> **Exercise directions**:
Using the listing below, copy exactly each line from the one that has "Toothbrush - Wikipedia, the" through the one that has "More Photos Of"; omit the pictures.

> **Data for review**:
============================================================

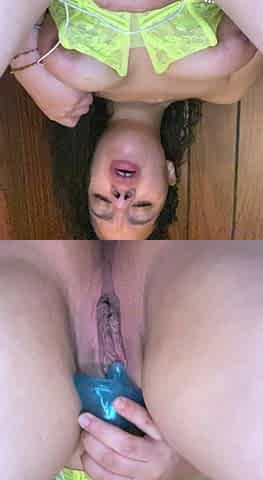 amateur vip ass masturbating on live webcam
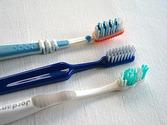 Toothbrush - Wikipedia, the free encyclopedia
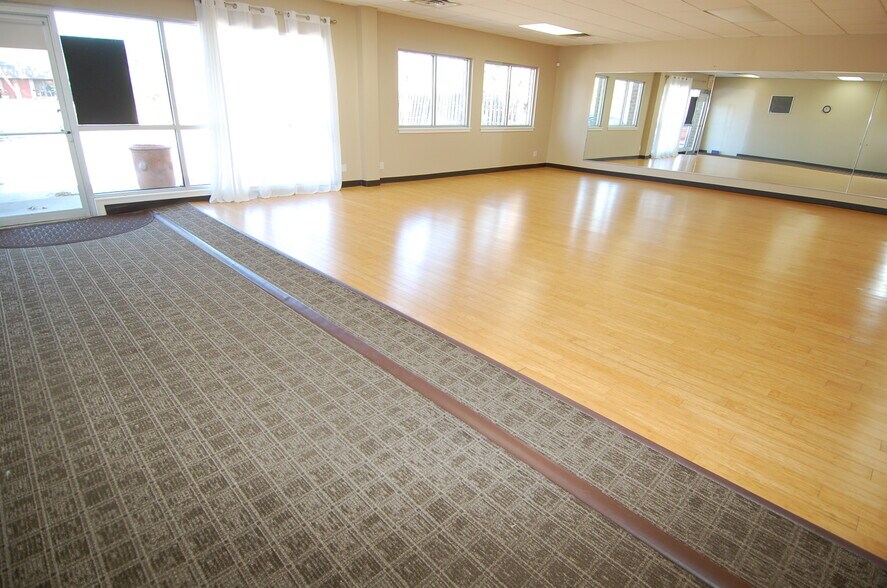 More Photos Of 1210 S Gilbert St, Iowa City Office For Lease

============================================================

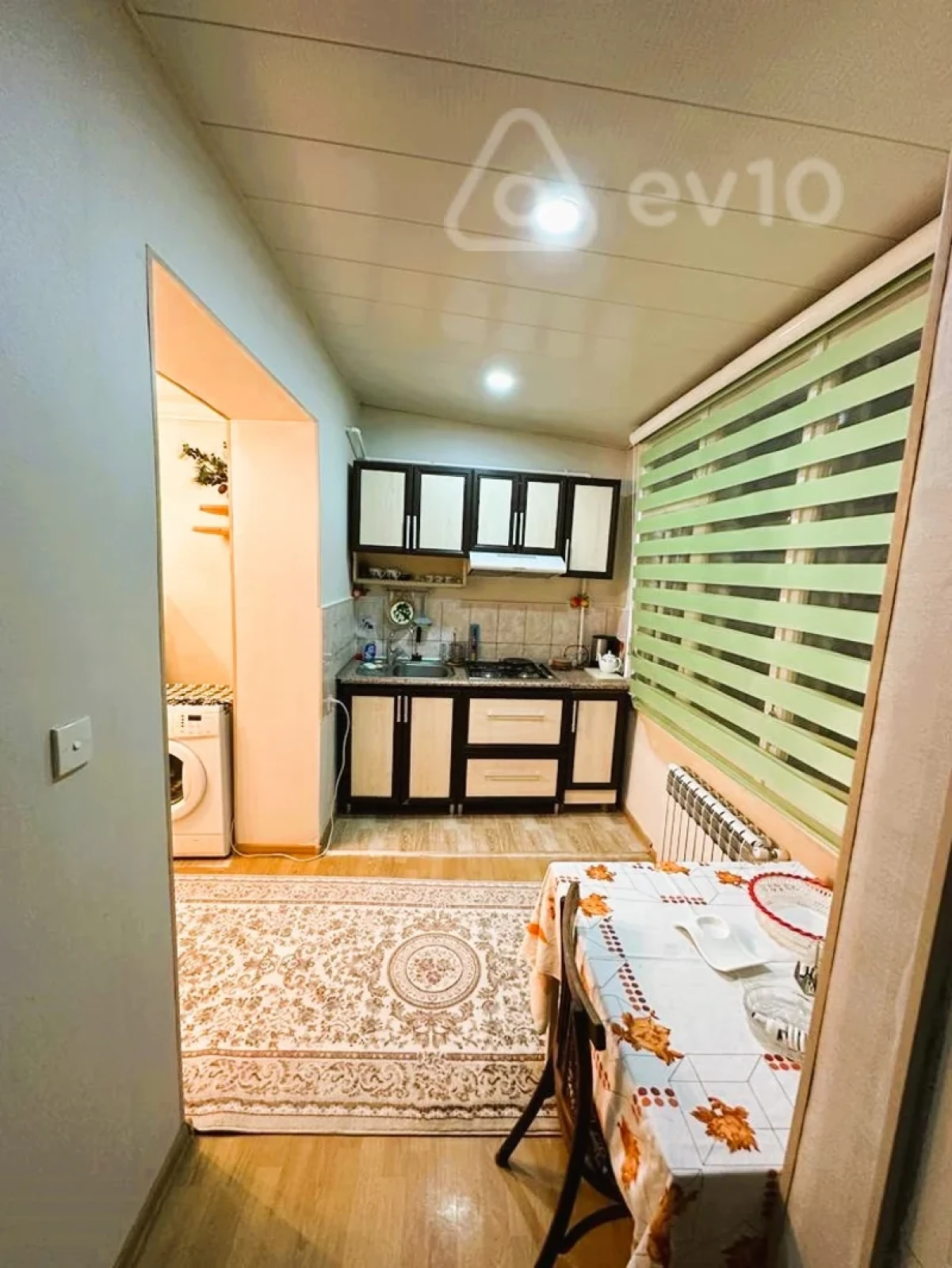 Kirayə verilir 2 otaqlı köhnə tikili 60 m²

============================================================

> **Result**:
 Toothbrush - Wikipedia, the free encyclopedia
 More Photos Of 1210 S Gilbert St, Iowa City Office For Lease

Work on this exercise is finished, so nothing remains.